The copy must run from the first line of the entries below through the line containing "Mazda 3, 2014г., передний привод, механика", restated word for word, with pictures left out.

# # # # #

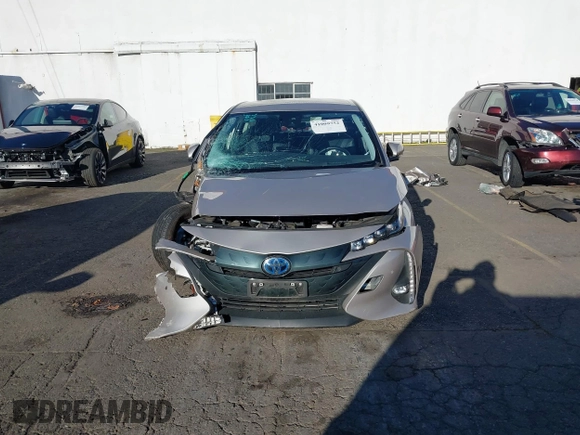 2020 Toyota Prius LE z VIN JTDKARFP6L3145576, wystawiony jako IAAI lot #41009752 z przebiegiem 35 375 mil mil oraz . Historia ofert i sprzedaży dostępna na DreamBid. Obrazek 13.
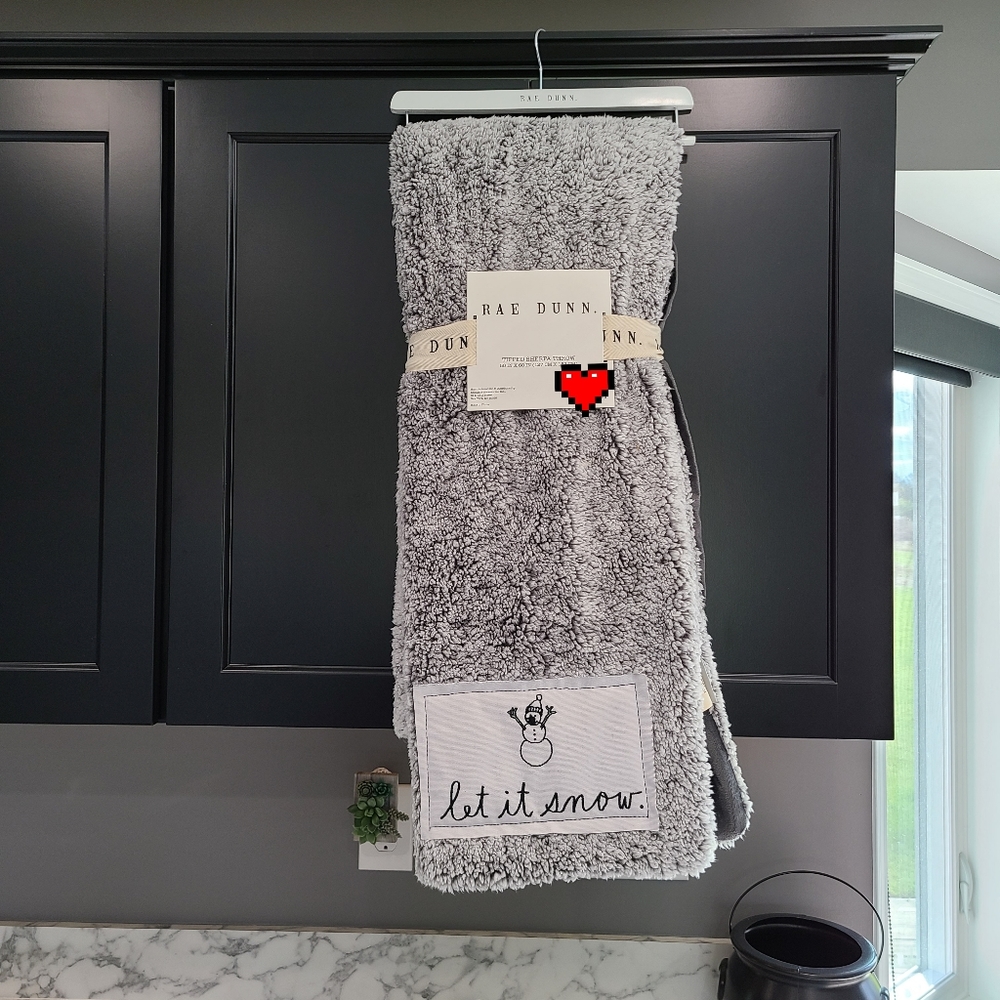 Rae Dunn Winter/Christmas Throw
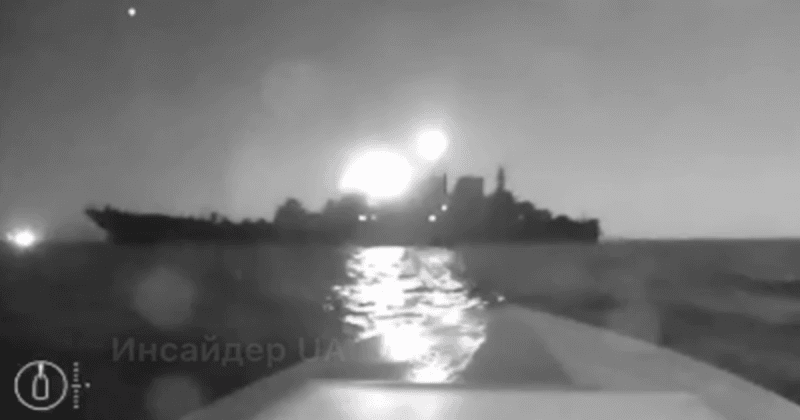 Дрон подбил лучший десантный корабль Северного флота РФ: в Сети появились кадры атаки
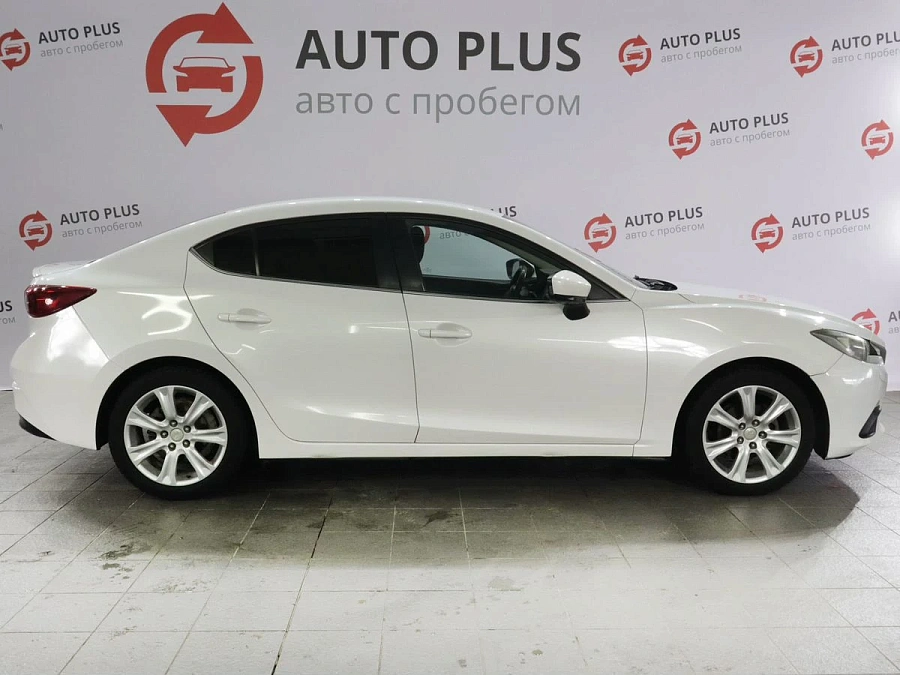 Mazda 3, 2014г., передний привод, механика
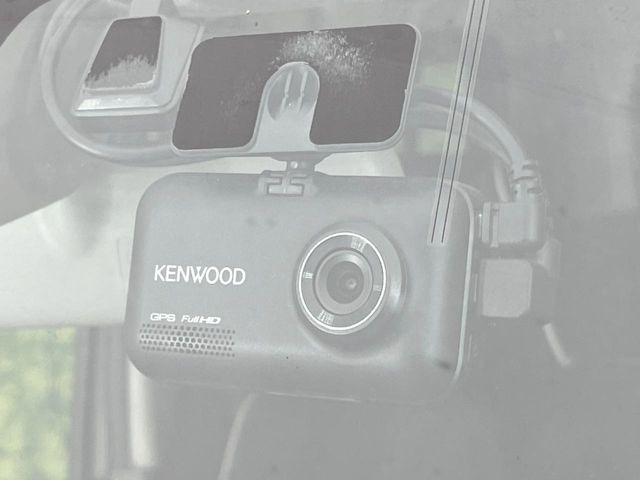 �y�h���C�u���R�[�_�[�z���S�E���S�ȃJ�[���C�t�ɕK�{�̃h���C�u���R�[�_�[�𑕔�!���s���͂������A������^�]�⎖�̂ɑ��������ۂ̏󋵂��f���ŋL�^���A����̃��X�N�ɔ����܂��B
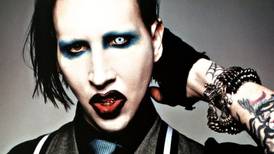 Demandan a Marilyn Manson por soplarse la nariz con una mujer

# # # # #

- Completed task:
 2020 Toyota Prius LE z VIN JTDKARFP6L3145576, wystawiony jako IAAI lot #41009752 z przebiegiem 35 375 mil mil oraz . Historia ofert i sprzedaży dostępna na DreamBid. Obrazek 13.
 Rae Dunn Winter/Christmas Throw
 Дрон подбил лучший десантный корабль Северного флота РФ: в Сети появились кадры атаки
 Mazda 3, 2014г., передний привод, механика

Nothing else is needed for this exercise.